Description of problem: I create a share folder via samba server on another Linux machine, and mount this share folder on Redhat 5.4. I get a permission denied error when I use "touch" command to create a file in the local mount point folder, but this issue does not happen on Redhat 5.2 nor Redhat 5.3. Version-Release number of selected component (if applicable): $ uname -a Linux localhost.localdomain 2.6.18-164.el5 #1 SMP Tue Aug 18 15:51:54 EDT 2009 i686 i686 i386 GNU/Linux $ lsb_release -a LSB Version: :core-3.1-ia32:core-3.1-noarch:graphics-3.1-ia32:graphics-3.1-noarch Distributor ID: RedHatEnterpriseClient Description: Red Hat Enterprise Linux Client release 5.4 (Tikanga) Release: 5.4 Codename: Tikanga $ rpm -qa | grep samba samba-common-3.0.33-3.14.el5 samba-client-3.0.33-3.14.el5 How reproducible: Steps to Reproduce: 1.Create a share folder on SUSE or Ubuntu: $ mkdir /home/guoyibj/share $ chmod 777 /home/guoyibj/share a. Add a samba user guoyibj # smbpasswd -a guoyibj b. Add the following lines to /etc/samba/smb.conf [share] inherit acls = Yes path = /home/guoyibj/share read only = No create mask = 0777 directory mask = 0777 c. Restart samba server # /etc/init.d/smb restart 2.Mount the share folder on Redhat 5.4: $ mkdir /home/auser1/fs # mount -t cifs //9.123.154.100/share /home/auser1/fs -o uid=auser1,gid=users -o user=guoyibj,password=****** 3.Use touch command to create a file in the local mount point folder: Actual results: Get a permission denied error, but this file has been created. $ cd ~/fs $ touch 1 touch: setting times of `1': Permission denied <---- Problem $ ll total 0 -rw-rw-r-- 1 nyan users 0 Nov 24 20:18 1 Expected results: Should not return the permission denied error because the user has "rw" permissions. Additional info: 1. I tried to use this mount command on Redhat 5.2 and Redhat 5.3, and I could successfully use touch command to create a file without returning an error. 2. I tried to use this mount command on two SUSE10SP2 machines, and this issue did not happen. On one of the SUSE machine, the samba-client version is newer than 3.0.33, and the other one is older than 3.0.33. So I think it is not a bug of samba client. 3. I tried to create a share folder on Windows, and grant complete permissions to user guoyibj, and use this mount command on Redhat 5.4. This issue did not happen.

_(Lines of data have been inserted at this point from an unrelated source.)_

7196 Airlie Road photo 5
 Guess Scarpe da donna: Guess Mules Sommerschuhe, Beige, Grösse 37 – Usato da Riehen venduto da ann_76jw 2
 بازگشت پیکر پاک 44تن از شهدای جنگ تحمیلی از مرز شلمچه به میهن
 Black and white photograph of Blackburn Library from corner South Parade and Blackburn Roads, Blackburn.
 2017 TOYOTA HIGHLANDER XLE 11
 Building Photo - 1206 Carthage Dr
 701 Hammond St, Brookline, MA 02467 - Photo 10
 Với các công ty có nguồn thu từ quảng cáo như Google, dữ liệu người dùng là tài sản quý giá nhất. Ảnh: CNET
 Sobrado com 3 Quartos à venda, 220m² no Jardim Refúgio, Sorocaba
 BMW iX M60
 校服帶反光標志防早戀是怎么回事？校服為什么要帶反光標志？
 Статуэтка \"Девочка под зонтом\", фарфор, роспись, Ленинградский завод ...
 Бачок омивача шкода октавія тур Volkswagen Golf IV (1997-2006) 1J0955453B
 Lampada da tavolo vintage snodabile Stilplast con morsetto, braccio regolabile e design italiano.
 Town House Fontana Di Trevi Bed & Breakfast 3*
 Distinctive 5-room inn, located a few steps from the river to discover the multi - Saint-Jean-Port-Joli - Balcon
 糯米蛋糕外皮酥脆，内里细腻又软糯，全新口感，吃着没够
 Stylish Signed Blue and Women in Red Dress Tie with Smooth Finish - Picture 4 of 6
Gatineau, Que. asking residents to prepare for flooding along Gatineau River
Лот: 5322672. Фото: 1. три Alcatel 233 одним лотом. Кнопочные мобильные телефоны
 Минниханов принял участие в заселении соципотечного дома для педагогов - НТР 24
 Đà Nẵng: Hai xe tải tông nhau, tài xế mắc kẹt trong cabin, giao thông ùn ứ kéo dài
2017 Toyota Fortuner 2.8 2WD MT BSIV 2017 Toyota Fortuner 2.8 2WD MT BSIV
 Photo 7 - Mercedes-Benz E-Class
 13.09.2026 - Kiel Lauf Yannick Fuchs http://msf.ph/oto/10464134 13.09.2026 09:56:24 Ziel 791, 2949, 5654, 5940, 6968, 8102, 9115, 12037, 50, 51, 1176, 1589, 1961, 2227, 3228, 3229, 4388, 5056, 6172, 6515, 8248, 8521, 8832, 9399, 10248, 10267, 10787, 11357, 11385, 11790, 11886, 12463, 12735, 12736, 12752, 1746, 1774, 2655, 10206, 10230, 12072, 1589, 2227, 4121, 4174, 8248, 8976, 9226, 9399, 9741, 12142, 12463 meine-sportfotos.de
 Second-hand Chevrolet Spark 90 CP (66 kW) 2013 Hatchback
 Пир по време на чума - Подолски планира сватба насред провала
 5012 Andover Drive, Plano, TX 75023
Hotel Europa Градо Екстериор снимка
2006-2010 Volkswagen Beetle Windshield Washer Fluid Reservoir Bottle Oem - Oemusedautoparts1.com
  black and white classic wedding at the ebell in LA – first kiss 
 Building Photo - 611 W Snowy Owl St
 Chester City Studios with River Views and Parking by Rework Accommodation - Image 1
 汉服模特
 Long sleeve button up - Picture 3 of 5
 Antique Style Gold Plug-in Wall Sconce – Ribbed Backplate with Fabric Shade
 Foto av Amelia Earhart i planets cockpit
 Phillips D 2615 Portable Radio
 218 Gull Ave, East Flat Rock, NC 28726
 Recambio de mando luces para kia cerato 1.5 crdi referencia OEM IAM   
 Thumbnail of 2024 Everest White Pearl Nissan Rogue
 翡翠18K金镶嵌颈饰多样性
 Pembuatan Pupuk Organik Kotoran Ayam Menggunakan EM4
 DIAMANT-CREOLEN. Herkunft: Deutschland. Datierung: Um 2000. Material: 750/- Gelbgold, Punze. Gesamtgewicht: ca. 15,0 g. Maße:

How reproducible: everytime
Samba client passes everything to the kernel, but it seems that the kernel is not able to deal with the mount user and treat it as another user, but there is no write permission for another user to create file, so I get an permission denied error. I tried the following umask command and could successfully create a new file using touch without errors. $ umask 000 $ cd /home/auser1/fs $ touch newfile
I'm pretty sure this is a known issue and is actually a design flaw... CIFS uses unix extensions to fetch permissions from the server and tries to enforce them on the client. When a new file/directory is created on the server however, it ends up being owned by the user whose credentials are used for the mount, not as the user on the local machine who issued the system call. One workaround is to disable permission checking on the client entirely by mounting with '-o noperm', but that does mean that anyone on the machine will be able to access files on the mount. Unfortunately, this is probably not something we'll be able to fix within the scope of an update release, but we may be able to do something in later RHEL versions (RHEL 6.0 and up).
I think I saw this behaviour mentioned and a bugfix for it when going through kernel changelogs to solve another cifs problem. Some quick googling suggests that this is the same issue: https://bugzilla.kernel.org/show_bug.cgi?id=8437 which was apparently fixed in 2.6.27 and later.
Hum. See also here: http://www.linuxforums.org/forum/linux-networking/161805-cifs-setting-times-file1-operation-not-permitted.html I also recall that this behaviour improves if the user and/or group id on the server machine are identical to the client...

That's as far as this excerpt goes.